Question

A body P floats in water with half its volume immersed. Another body Q floats in a liquid of density $\frac{3}{4}$ of the density of water with two-third of the volume immersed. The ratio of density of P to that of Q is

• A. 1:2
• B. 1:1
• C. 2:1
• D. 2:3
• E. 3:4

Hint:

The fraction of volume immersed is directly proportional to the ratio of the body's density to the liquid's density.

Answer 1

The Correct Option is B

Concept:
For a floating body, the weight of the body equals the buoyant force (weight of the displaced liquid): \[ \rho_{body} V_{body} g = \rho_{liquid} V_{immersed} g \implies \rho_{body} = \rho_{liquid} \left( \frac{V_{immersed}}{V_{body}} \right) \]

Step 1: Calculate the density of body P.
Body P floats in water ($\rho_w$) with half volume immersed ($V_i/V = 1/2$): \[ \rho_P = \rho_w \times \left( \frac{1}{2} \right) = \frac{1}{2} \rho_w \]

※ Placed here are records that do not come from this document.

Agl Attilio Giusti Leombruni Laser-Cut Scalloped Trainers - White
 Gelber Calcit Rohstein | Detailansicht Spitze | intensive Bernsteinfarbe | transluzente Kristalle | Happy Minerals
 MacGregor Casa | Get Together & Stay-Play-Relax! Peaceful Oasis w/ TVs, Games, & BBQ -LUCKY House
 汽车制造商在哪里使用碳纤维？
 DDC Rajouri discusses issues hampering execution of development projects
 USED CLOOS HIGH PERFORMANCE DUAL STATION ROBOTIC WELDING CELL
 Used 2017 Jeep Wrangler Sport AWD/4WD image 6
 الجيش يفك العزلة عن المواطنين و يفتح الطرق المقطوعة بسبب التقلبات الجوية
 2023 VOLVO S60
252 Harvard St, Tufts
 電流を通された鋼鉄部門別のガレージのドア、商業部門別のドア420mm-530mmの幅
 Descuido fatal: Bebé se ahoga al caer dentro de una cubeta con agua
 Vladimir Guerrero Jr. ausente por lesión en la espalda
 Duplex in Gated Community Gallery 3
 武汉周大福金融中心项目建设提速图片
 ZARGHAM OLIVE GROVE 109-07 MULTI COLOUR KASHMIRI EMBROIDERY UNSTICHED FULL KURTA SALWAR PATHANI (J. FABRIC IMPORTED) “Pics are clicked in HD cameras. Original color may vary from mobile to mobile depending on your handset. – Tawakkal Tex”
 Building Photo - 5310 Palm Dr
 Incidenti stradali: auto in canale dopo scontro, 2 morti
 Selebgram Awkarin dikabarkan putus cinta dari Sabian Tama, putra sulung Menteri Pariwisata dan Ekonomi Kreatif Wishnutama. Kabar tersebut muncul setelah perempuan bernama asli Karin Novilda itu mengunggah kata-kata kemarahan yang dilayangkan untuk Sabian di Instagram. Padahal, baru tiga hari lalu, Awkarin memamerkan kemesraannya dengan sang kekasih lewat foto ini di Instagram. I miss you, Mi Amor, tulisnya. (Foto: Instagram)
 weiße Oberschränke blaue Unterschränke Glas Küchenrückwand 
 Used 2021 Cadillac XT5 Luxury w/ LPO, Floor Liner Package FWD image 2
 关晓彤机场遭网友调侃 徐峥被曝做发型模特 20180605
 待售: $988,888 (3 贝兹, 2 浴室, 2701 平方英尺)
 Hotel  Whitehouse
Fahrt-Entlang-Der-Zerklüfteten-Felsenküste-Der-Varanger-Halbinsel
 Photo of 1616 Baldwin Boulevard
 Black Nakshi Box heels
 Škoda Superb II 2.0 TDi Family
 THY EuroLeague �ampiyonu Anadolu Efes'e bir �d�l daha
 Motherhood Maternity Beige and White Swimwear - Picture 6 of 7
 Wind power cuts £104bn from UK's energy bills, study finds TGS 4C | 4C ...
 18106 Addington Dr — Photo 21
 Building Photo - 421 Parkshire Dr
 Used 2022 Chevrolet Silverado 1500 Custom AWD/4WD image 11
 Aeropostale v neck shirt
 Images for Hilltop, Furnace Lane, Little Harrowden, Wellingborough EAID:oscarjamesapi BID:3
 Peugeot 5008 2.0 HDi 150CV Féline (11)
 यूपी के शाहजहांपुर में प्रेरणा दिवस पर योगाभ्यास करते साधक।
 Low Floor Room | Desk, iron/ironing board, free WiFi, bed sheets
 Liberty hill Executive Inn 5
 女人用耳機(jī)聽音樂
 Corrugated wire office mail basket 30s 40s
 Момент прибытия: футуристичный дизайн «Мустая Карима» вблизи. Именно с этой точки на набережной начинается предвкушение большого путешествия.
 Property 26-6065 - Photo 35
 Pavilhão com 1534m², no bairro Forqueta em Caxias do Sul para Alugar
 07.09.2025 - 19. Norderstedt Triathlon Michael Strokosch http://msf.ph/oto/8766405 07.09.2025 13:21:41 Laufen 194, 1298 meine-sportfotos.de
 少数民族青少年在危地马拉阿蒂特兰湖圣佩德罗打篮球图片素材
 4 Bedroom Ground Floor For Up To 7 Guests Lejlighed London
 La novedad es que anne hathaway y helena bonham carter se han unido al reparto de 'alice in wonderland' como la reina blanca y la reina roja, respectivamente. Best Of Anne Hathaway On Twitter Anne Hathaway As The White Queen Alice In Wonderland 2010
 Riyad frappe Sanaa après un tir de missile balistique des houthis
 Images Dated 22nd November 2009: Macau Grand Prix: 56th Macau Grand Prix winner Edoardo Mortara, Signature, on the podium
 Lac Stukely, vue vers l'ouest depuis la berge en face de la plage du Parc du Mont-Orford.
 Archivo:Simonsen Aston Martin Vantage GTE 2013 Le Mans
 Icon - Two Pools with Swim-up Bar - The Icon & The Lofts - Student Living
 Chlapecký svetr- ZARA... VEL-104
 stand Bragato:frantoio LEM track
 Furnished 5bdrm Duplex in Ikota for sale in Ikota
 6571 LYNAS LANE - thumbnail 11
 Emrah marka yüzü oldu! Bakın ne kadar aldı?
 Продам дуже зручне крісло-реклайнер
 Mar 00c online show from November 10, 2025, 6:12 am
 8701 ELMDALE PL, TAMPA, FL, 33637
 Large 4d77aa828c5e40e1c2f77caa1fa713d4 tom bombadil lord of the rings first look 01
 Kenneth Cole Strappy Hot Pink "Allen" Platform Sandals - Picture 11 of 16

Step 2: Calculate the density of body Q.
Body Q floats in a liquid of density $\rho_L = \frac{3}{4} \rho_w$ with two-thirds volume immersed ($V_i/V = 2/3$): \[ \rho_Q = \left( \frac{3}{4} \rho_w \right) \times \left( \frac{2}{3} \right) = \frac{2}{4} \rho_w = \frac{1}{2} \rho_w \]

Step 3: Find the ratio.
\[ \frac{\rho_P}{\rho_Q} = \frac{\frac{1}{2} \rho_w}{\frac{1}{2} \rho_w} = 1 \] The ratio is 1:1.